# WHAT IS REQUIRED
From the material below, reproduce exactly the stretch of lines that begins with the line holding "Deszczowy happening - galeria" and ends with the line holding "BMW X1 Xdrive20i", skipping the pictures.

# RECORDS TO USE
===
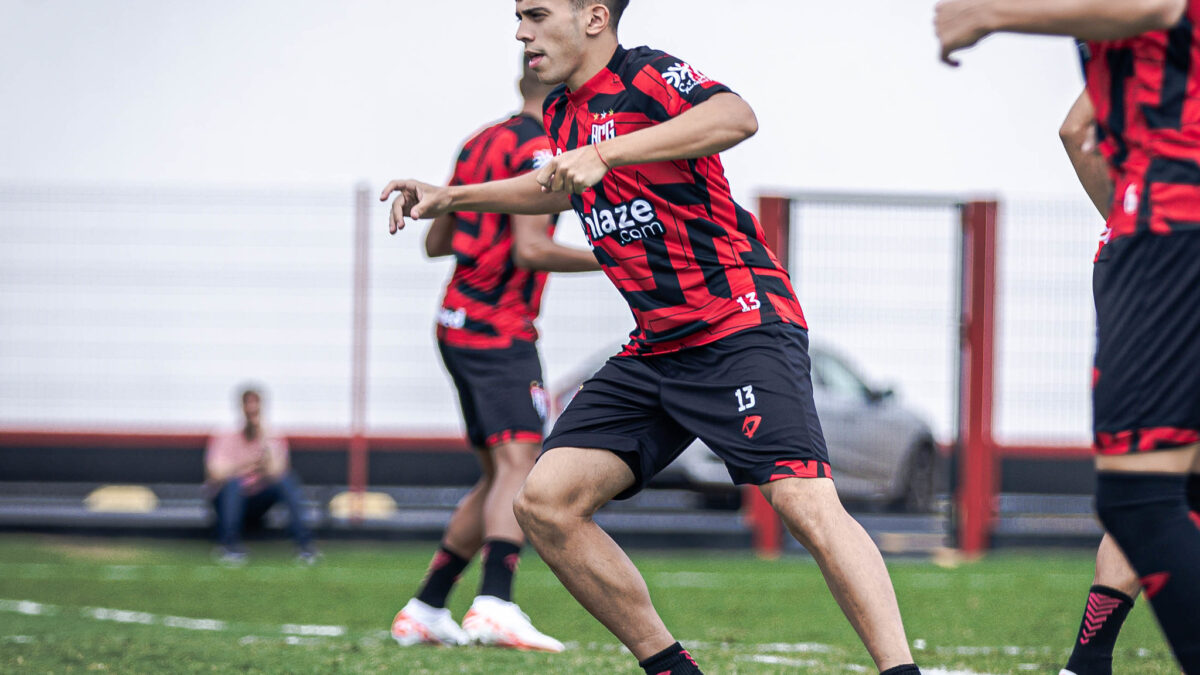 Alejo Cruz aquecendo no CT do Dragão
===
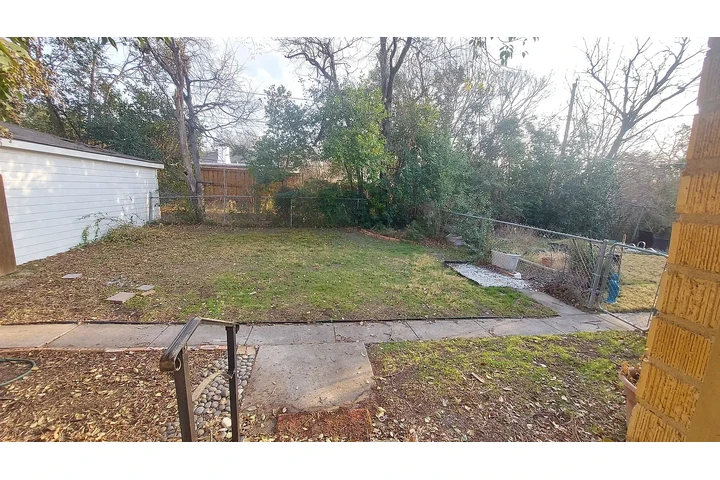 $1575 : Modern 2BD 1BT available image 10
===
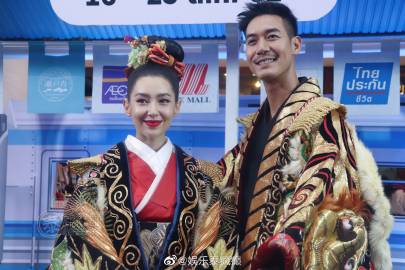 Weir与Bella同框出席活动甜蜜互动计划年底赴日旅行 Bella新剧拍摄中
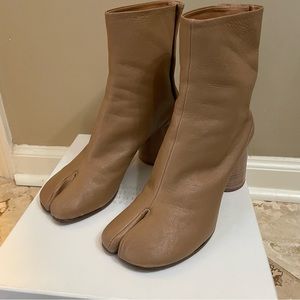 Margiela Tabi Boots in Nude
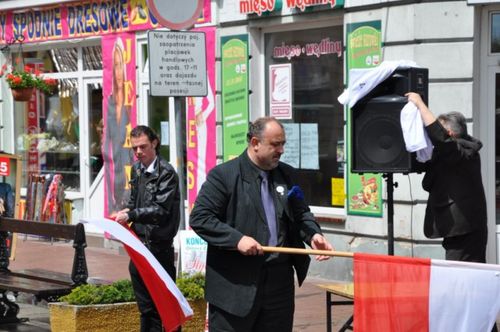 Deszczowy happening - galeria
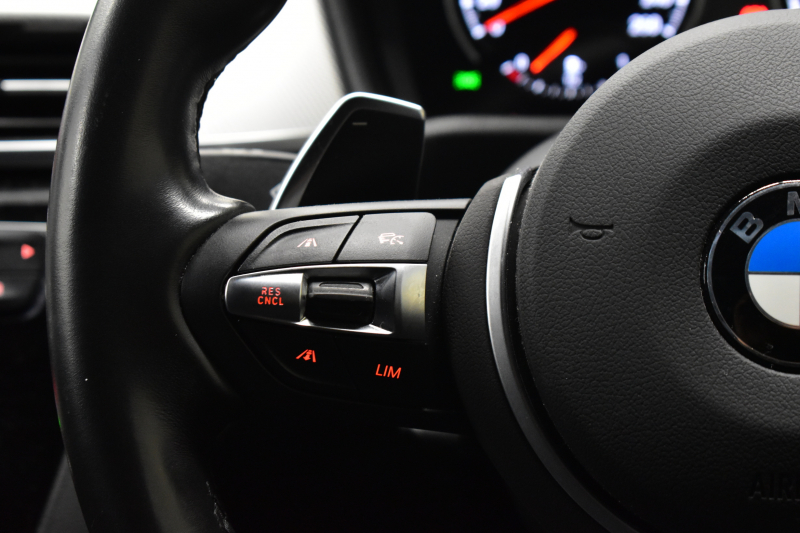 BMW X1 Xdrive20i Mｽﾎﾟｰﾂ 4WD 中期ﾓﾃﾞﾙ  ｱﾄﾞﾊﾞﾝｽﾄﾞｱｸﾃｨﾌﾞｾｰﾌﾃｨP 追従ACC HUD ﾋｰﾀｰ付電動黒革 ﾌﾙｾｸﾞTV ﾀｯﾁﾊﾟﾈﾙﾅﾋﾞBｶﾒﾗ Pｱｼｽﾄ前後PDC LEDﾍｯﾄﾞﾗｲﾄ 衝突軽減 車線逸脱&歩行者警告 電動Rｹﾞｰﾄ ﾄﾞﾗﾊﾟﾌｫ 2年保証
===
# SOLUTION FOR THIS EXERCISE
 Deszczowy happening - galeria
 BMW X1 Xdrive20i Mｽﾎﾟｰﾂ 4WD 中期ﾓﾃﾞﾙ  ｱﾄﾞﾊﾞﾝｽﾄﾞｱｸﾃｨﾌﾞｾｰﾌﾃｨP 追従ACC HUD ﾋｰﾀｰ付電動黒革 ﾌﾙｾｸﾞTV ﾀｯﾁﾊﾟﾈﾙﾅﾋﾞBｶﾒﾗ Pｱｼｽﾄ前後PDC LEDﾍｯﾄﾞﾗｲﾄ 衝突軽減 車線逸脱&歩行者警告 電動Rｹﾞｰﾄ ﾄﾞﾗﾊﾟﾌｫ 2年保証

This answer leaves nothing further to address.